American football – maybe it’s actually not the coolest sport there is? Some heretic called Steve Almond is suggesting as much.
Every Sunday (and Monday, and some Saturdays and Thursdays) for the next five months, millions of Americans – and plenty of Brits, thanks to three regular-season games in London – will feast on a bacchanalia of gridiron pageantry.
Best-selling author Steve Almond, however, won’t be watching.
The self-professed long-time American football fan writes in the Los Angeles Times that he feels guilty about watching a sport whose participants risk traumatic brain injury.
More than that, however, he says he objects to “the cynical commercialisation of the sport, its cultish celebration of violence and the more subtle ways in which football warps our societal attitudes about race, gender and sexual orientation.”
Yes to all of that, and it also warps our societal attitudes about education and secondary and tertiary education.
The game is getting safer? Hardly, he says. Tackling and violent collisions are still an integral part of the game. Injuries still abound. And even the most state-of the art gear can’t prevent possibly debilitating concussions.
The players know what they’re getting into and are paid millions? It’s only because the fans create the market. Players perform for our amusement. And the “Football Industrial Complex”, as he calls it, grinds up and spits out the tens of thousands of others who play but don’t get the golden lottery ticket of a career in the NFL.
It’s like Hollywood that way. Lots of people have a fantasy of being a football star or a movie star, and almost none of them succeed.
According to University of Virginia Prof Mark Edmundson, it’s because football represents what the US has become.
“Football is a warlike game, and we are now a warlike nation,” he writes in the Los Angeles Times. “Our love for football is a love, however self-aware, of ourselves as a fighting and (we hope) victorious people.”

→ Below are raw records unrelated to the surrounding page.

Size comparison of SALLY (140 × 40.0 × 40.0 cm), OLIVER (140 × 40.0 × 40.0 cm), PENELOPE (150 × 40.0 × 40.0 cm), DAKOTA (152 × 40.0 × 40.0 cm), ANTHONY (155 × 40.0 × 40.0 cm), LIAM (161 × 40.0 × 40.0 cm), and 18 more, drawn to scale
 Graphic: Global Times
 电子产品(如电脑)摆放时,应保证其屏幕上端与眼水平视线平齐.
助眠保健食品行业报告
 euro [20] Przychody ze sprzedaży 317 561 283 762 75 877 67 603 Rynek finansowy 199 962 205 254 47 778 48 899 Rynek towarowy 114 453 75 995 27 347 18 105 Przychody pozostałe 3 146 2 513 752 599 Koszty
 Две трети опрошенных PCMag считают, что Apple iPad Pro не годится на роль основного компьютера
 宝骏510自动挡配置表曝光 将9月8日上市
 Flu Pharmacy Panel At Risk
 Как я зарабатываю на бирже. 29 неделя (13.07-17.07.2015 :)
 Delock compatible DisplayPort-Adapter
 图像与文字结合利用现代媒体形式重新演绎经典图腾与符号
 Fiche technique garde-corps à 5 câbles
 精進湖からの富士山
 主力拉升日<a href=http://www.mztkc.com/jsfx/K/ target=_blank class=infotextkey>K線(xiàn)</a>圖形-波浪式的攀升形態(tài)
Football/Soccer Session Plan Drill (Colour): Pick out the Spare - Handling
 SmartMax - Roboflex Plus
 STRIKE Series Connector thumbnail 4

Back when the US was more pacifistic – when it had to be dragged, kicking and screaming into world wars – baseball was the national pastime.
“That game is skill-based, nonviolent and leisurely,” he writes.
Football, however, “is urban, tough and based to a large degree on the capacity to overwhelm the other team with sheer force. Football is a tank attack, a sky-borne assault, a charge into the trenches for hand-to-hand fighting.”
Whereas in proper football – soccer – you get a penalty for bashing people. There’s still bashing but it’s not central to the game.
I’m with Almond, but I know it’s absolutely futile. I’m just hoping the team local to me loses every game so that people will stop yapping about it.